I recently wrote my own MediaWiki extension that sometimes returns inline SVG elements to be included in the page.

I noticed in certain cases that this would cause MediaWiki to stop generating <p> tags from that point onward in the document, and I tracked it down to a problem with a regular expression. Specifically, whenever the inline SVG had a <path> element in it, a regex in the doBlockLevels function would apparently treat it the same as a <p> tag.

I was able to fix the issue by making the regex a little more stringent.
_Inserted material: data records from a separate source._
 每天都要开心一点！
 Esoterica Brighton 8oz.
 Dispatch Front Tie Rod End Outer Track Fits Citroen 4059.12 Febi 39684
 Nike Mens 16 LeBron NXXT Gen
The following patch against latest git should do the trick:

--- BlockLevelPass.php	2019-11-26 11:31:34.000000000 -0700
+++ BlockLevelPass.php	2019-11-26 17:01:13.769113805 -0700
@@ -309,7 +309,7 @@
 				# @todo consider using a stack for nestable elements like span, table and div
 
 				// P-wrapping and indent-pre are suppressed inside, not outside
-				$blockElems = 'table|h1|h2|h3|h4|h5|h6|pre|p|ul|ol|dl';
+				$blockElems = 'table|h1|h2|h3|h4|h5|h6|pre|p[^a-z]|ul|ol|dl';
 				// P-wrapping and indent-pre are suppressed outside, not inside
 				$antiBlockElems = 'td|th';

I say "should" only because I'm working with version 1.27 and the code has moved around a little since then (and I haven't been able to test with latest git yet), but I'm pretty confident.

Here's a minimal SVG example for testing:

<svg height="200" width="200"><path d="M100 0 L0 200 L200 200 Z" /></svg>

Without my custom extension, I guess raw HTML would have to be enabled to see the bug, which is why I haven't been able to reproduce it on test2.wikipedia.org. In any case, the buggy behavior should show up if you add some paragraphs after the SVG element—they'll all run together without any <p> tags between.

Event Timeline

Umherirrender subscribed.

With T165817 a \b was added which should avoid your issues, it is part of REL1_30

Ah, thanks. Feeling dumb for not having spotted that (and of course it's a more comprehensive and proper fix).